Self-interest Does not Need to be bad
Posted in General by AWincewicz on Jun 30, 2010. 0 Comments
What I find a very inspiring source of guidelines on this subject are ideas presented by Scottish Enlightenment thinkers. Here I would especially like to mention a few thoughts of Lord Shaftesbury, who introduced the expression of a natural moral sense, later famously used by Adam Smith. In his ‘Characteristics’, while arguing against psychological egoism, he regarded the self-directed impulses (‘self-passions’ as he called them) as necessary aspects of human nature. The important thing for him was knowledge of one’s true self-interest:
“Happiness was to be pursued and in fact was always sought after; but whether found in following Nature, and giving way to common affection, or in suppressing it, and turning every passion towards private advantage, a narrow self-end or the preservation of mere life, this would be the matter in debate between us. The question would not be, who loved himself or who not, but who loved and served himself the rightest and after the truest manner”.

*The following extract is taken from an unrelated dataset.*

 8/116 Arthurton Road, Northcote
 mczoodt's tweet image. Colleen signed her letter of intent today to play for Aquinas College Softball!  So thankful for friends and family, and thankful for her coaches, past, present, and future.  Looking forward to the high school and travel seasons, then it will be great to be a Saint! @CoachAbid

and the height of wisdom was ‘to be rightly selfish’ because narrowly considered self-interest provokes actions that work against a person’s real interest:
“Now these affections (self-passions), if they are moderate and within certain bounds, are neither injurious to social life nor a hindrance to virtue; but being in an extreme degree, they become cowardice, revengefulness, luxury, avarice, vanity and ambition, sloth; and as such are owned vicious and ill with respect to human society. They are ill also with respect to the private person and are to his disadvantage”.
Thus it is not greed, but rational and tempered self-interest that contributes to people’s social and economic welfare. The wise man is not necessarily someone who renounces wealth, but someone who understands its proper role in human life.